The ease at which we now communicate is evidence of the expansion of the information technology in the digital age. In recent years, there has been a trend towards instant messaging over making telephone calls, and sending emails in preferred to sending letters.
In the recent case of Phones 4u Ltd v EE Ltd, an interesting legal point arose regarding the use of a sad face emoji in a public statement. In 2014, Phones 4u found themselves in financial difficulty as a result of losing a number of contracts with mobile networks, including EE.
When EE decided not to renew on 12 September 2014, Phones 4u appointed an administrator.
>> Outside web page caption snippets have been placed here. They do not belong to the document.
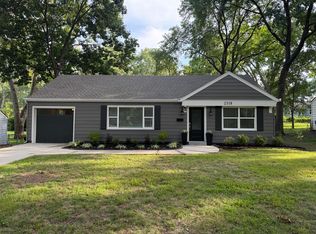 2519 W 79th St, Prairie Village, KS 66208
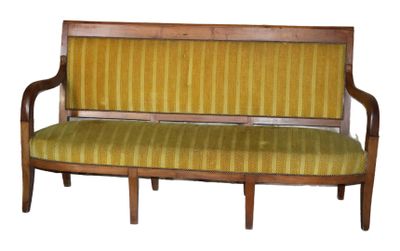 un banc en bois avec une assise rembourrée à rayures jaunes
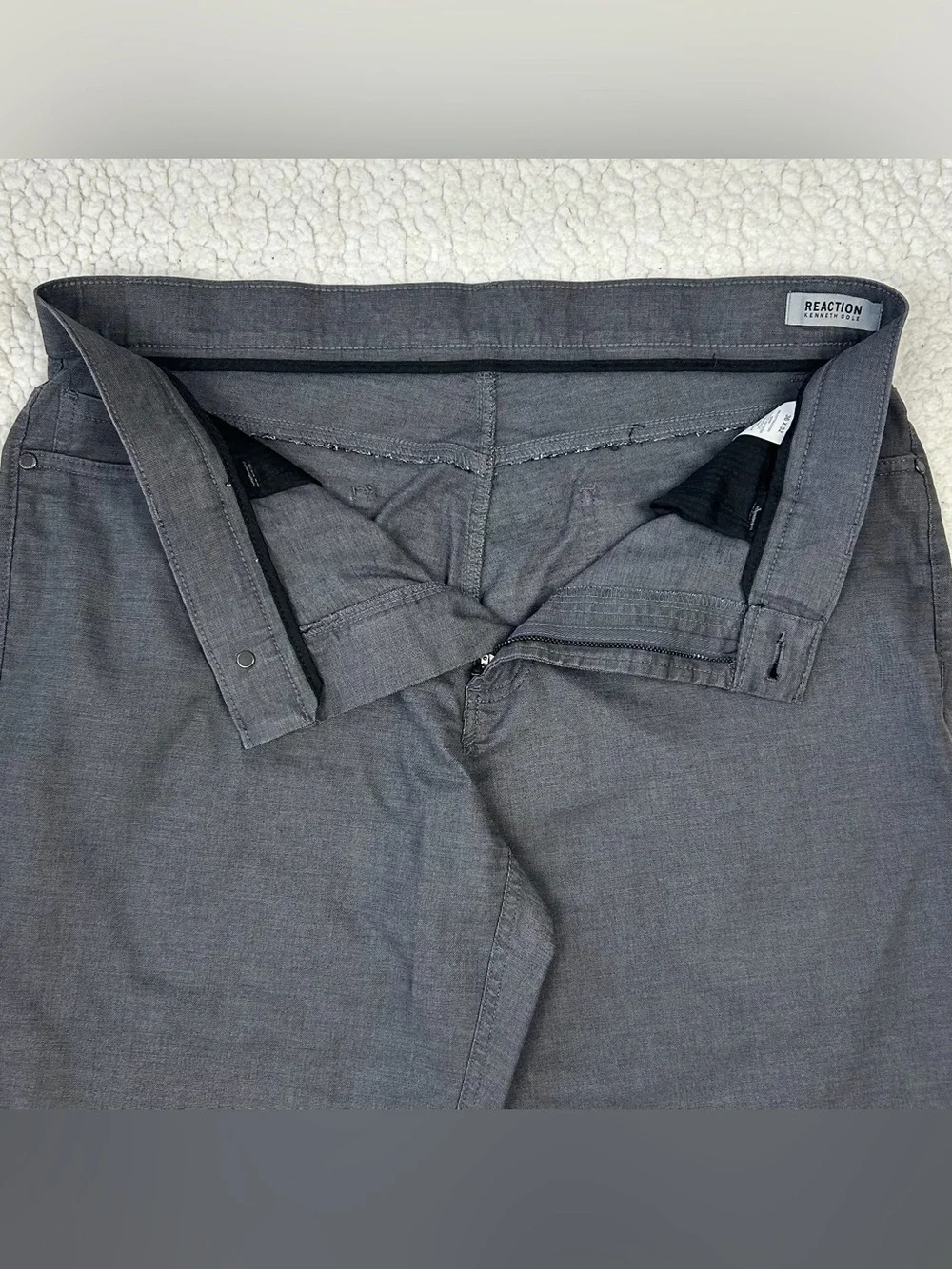 Kenneth Cole Reaction Straight Leg Jeans Men's 36W Gray Denim 5 Pocket Stretch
On 15 September 2014, Phones 4u ceased trading both on the high street and online.
Phones 4u and EE brought various claims against each other. OPe of EE’s claims against Phones 4u was that Phones 4u was in breach of contract by using the sad face emoji (L) in a statement regarding its financial difficulties which referred to both EE and Vodafone: specifically that the breach was an “unauthorised, false or misleading representation” relating to the agreement between the parties. It is likely that EE considered that the use of the sad face emoji coupled with Phones 4u’s statement may cast EE in a bad light and that it may have caused some reputational damage.
Phones 4u felt that the claim had no merit and requested summary judgment against EE. However the judge disagreed and held that the claim would “offer the court at trial an opportunity to consider the use of the sad face emoji as creating or involving a breach of contract”.
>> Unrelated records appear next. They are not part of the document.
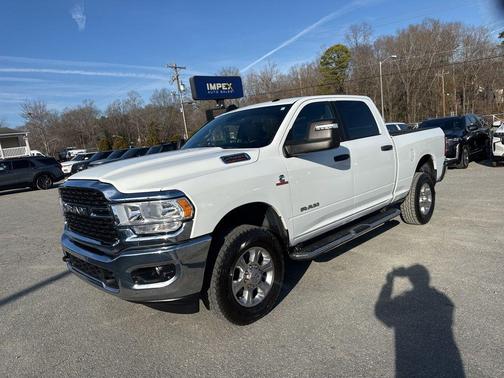 2023 RAM 2500 Big Horn Crew Cab 4x4 6'4' Box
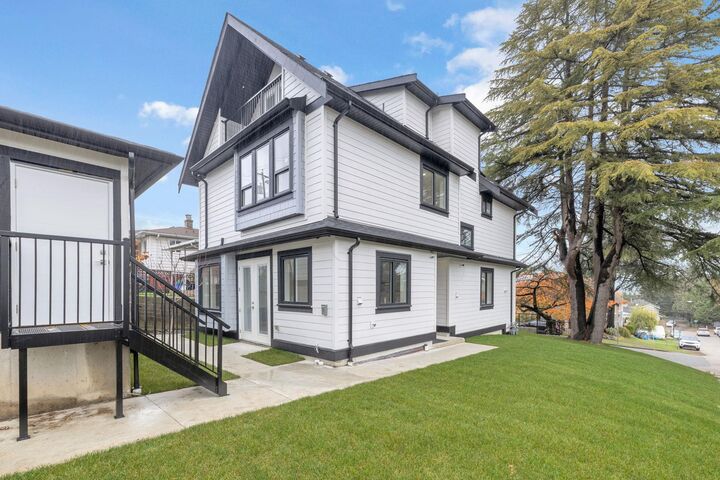 4325 Kamloops Street — photo 1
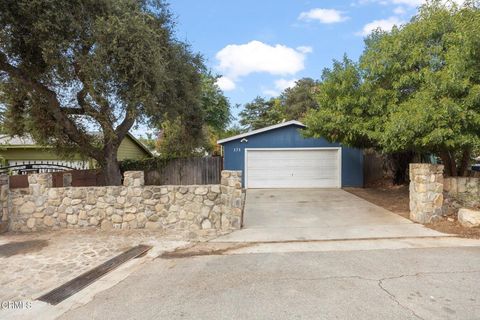 A home in Oak View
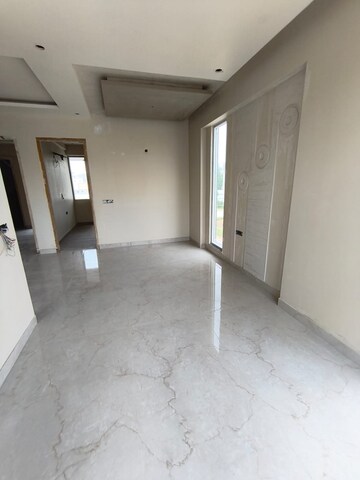 Room in 2.5 BHK Apartment at Ivory Silver County, Sector 95a – for Sale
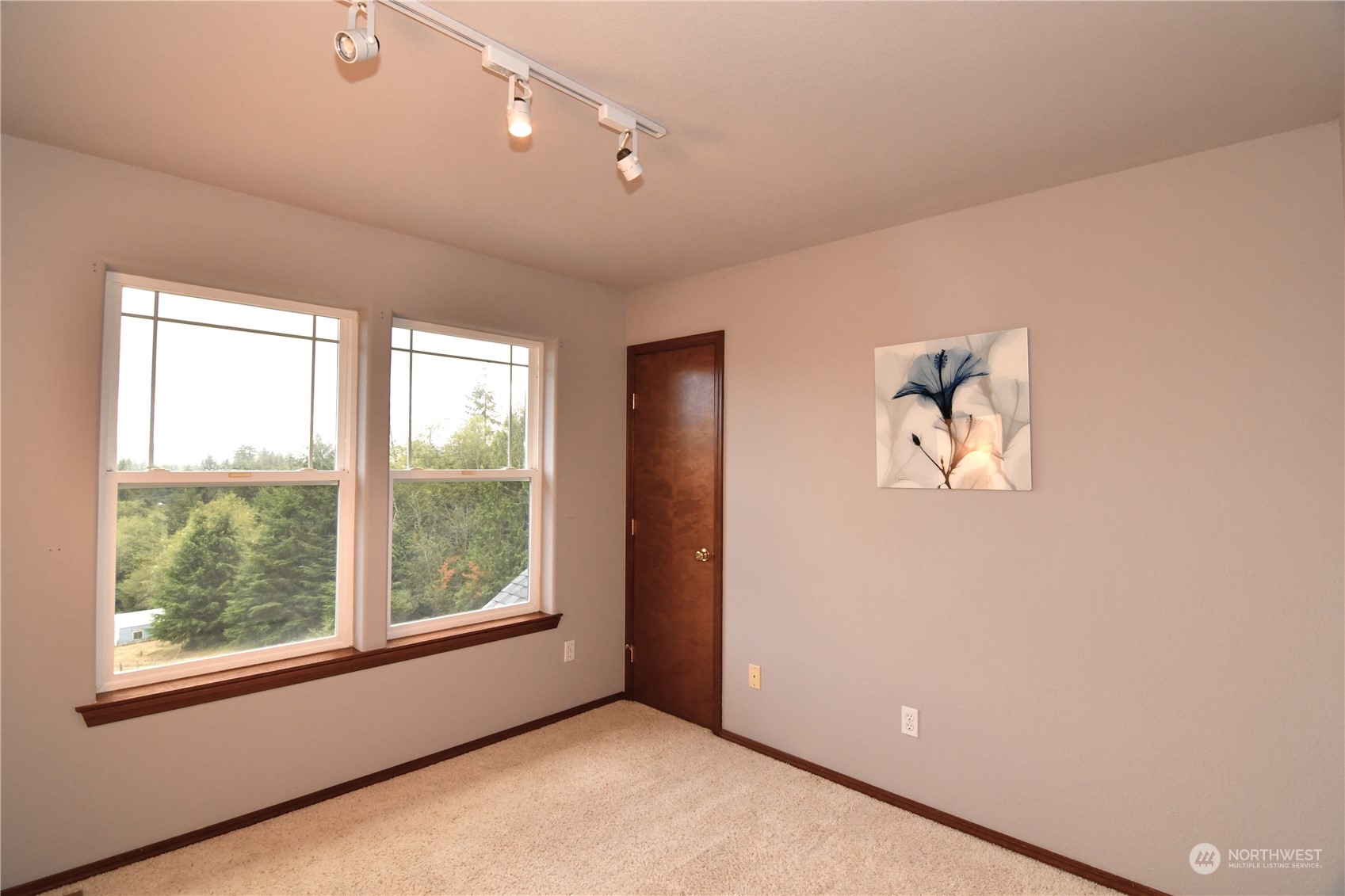 6990 Northbank Road Aberdeen, WA 98520 - Photo 34 of 39 Gallery Image 34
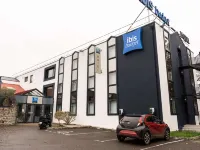 Hotel Ibis Budget Rennes Cesson Hotel dekat Château Des Pères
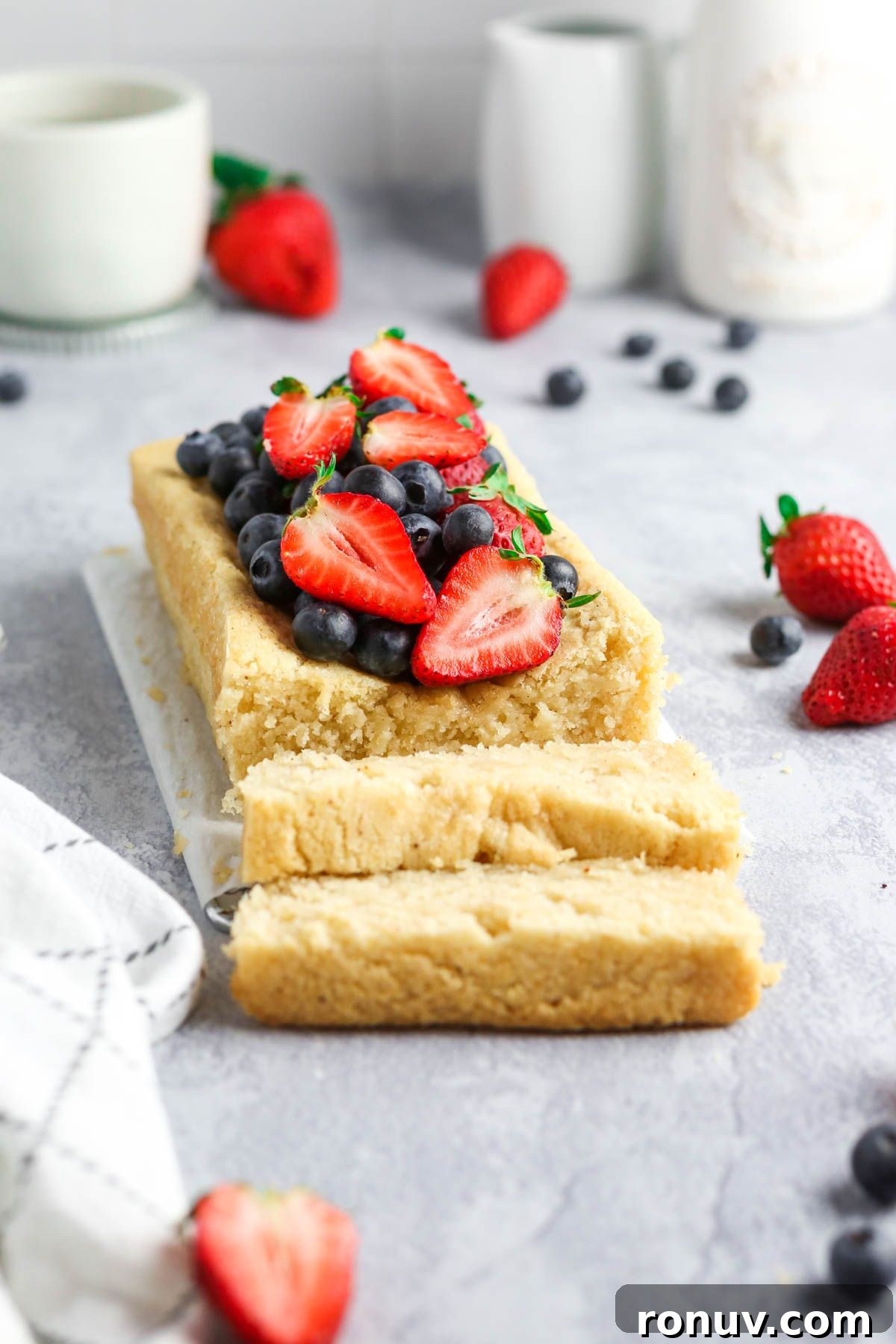 27 Moist Dairy Free Cake Recipes You Will Love 23 vegan pound cake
Parties should be aware that the use of emojis could hold some weight in interpreting their actions.
Could thumbs up or smiley face emojis be deemed to be agreement or confirmation? What about if a party used the ‘cry laughing’ face during negotiations – could that be deemed as unreasonable behaviour?
The best advice would be to stick to not using emojis in any statements and correspondence until the court reaches a final decision in the Phones 4u case.